Cell Proliferation Assay
Cell proliferation assay was based on 5-bromo-2′-deoxyuridine (BrdU) incorporation into the newly synthesized DNA of replicating cells. Shortly after the co-cultures were settled, 5 μM BrdU (Sigma) was added to the culture media for 48 h. After 7 DIV, the slices were fixed with 4 % paraformaldehyde (PFA), washed three times with PBS and then treated on ice with 95 % methanol for 10 min. After three washes with PBS, cells were permeabilized with 2 N HCl for 10 min at room temperature.
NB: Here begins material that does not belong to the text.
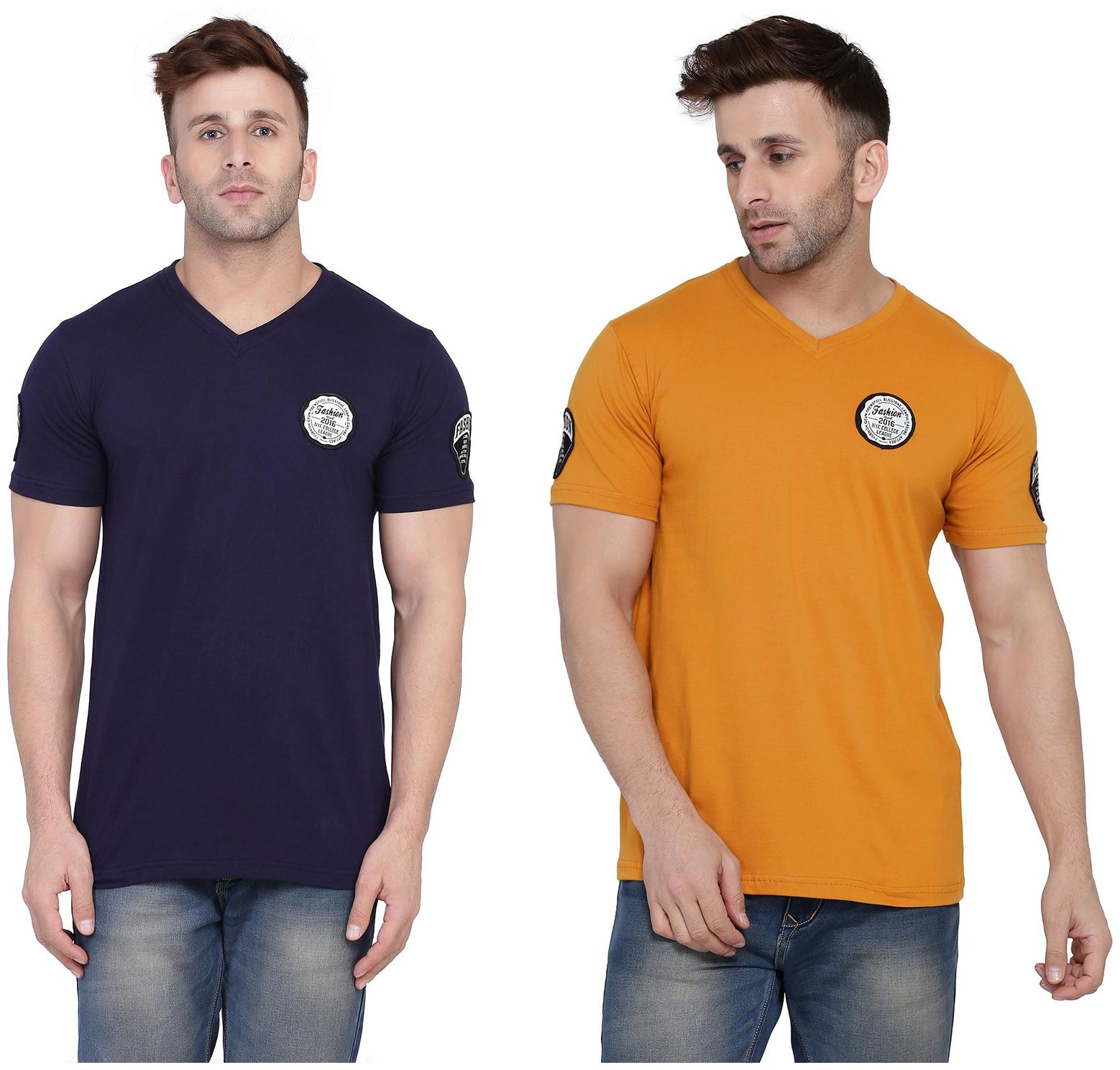 

Geum Men Navy blue Mustard Slim fit Cotton Blend V neck T-Shirt - Pack Of 2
The acid was washed away and neutralized with 0.1 M sodium borate for 5 min at room temperature twice. After rinsing with PBS, the slices were incubated in blocking buffer containing 10 % goat serum and 0.1 % Triton X-100 for 1 h at room temperature. The primary monoclonal anti-mouse antibody against BrdU (1:200; BD Pharmigen, San Diego, CA, USA) was applied for the overnight incubation at 4 °C. After washing the slices with extensive amounts of PBS, they were exposed to Alexa 488-conjugated secondary anti-mouse antibody (1:1,000; Molecular Probes) for 1 h. After the proliferation assay, the next steps of immunohistochemical staining were taken for the marker co-localization studies.
Immunocytochemistry
Hippocampal slices fixed with PFA were kept in blocking solution (PBS containing 10 % normal goat serum) for 1 h at 25 °C (RT). For cytoskeletal staining, hippocampal slices were permeabilized with 0.01 % Triton for 20 min then the primary antibodies were applied and incubated overnight at 4 °C. To analyze the multiple cell-types and their developmental stages the antibodies identifying different markers were used. To visualize neural stem/precursor cells anti-Nestin (1:250; R&D Systems) and anti-A2B5 (1:500; Chemicon) antibodies were used. The detection of oligodendrocytes was provided by the use of rabbit polyclonal anti-NG2 (1:200; Chemicon, Temecula, CA) and anti-PDGFRα (1:100; Santa Cruz Biotechnology, Santa Cruz, CA, USA), as well as monoclonal anti-mouse against O4 (1:200; Sigma) and GalC (1:200; Chemicon) antibodies. To identify neuroblasts and differentiating neurons: rabbit polyclonal anti-PSA-NCAM (1:200; Santa Cruz Biotechnology), anti-TUJ1 (β-tubulin III) (1:500, Sigma) and anti-MAP2 (1:500; Pharmingen, San Diego, CA, USA) Abs were applied. Rabbit polyclonal antibodies either anti-S100b (1:2,000; Swant) or anti-GFAP (1:500; Dako, Denmark) served as astrocyte markers. The antibody against Ki67 (1:100; Novocastra, Newcastle Upon Tyne, UK) was used as the indicator for proliferating cells. Additionally, the potential expression of macrophage/microglia markers was estimated by applying goat polyclonal antibody Iba1 (1:500, Santa Cruz) and mouse monoclonal antibody ED1 (Serotec). After the rinsing procedure with PBS, the floating slices were incubated with appropriate secondary antibody conjugated to either Alexa-488 or Alexa-546 (1:1,000; Molecular Probes) for 1 h at room temperature. To control the specificity of the antibodies immunocytochemical staining was performed omitting either the primary or the secondary antibody. Additionally, cell nuclei were visualized by incubating with 5 μm Hoechst 33258 (Sigma) for 20 min. Different cell subpopulations were examined and counted using an Axiovert 25 fluorescence microscope, equipped with Videotronic CCD-4230 camera and Axiovision software (Carl Zeiss, Jena, Germany). The confocal microscope (Carl Zeiss LSM 510) with argon (488 nm) and helium–neon (543 nm) lasers, as well as the ZEN 2008 software served for the purpose of analyzing the labeled hippocampal slices.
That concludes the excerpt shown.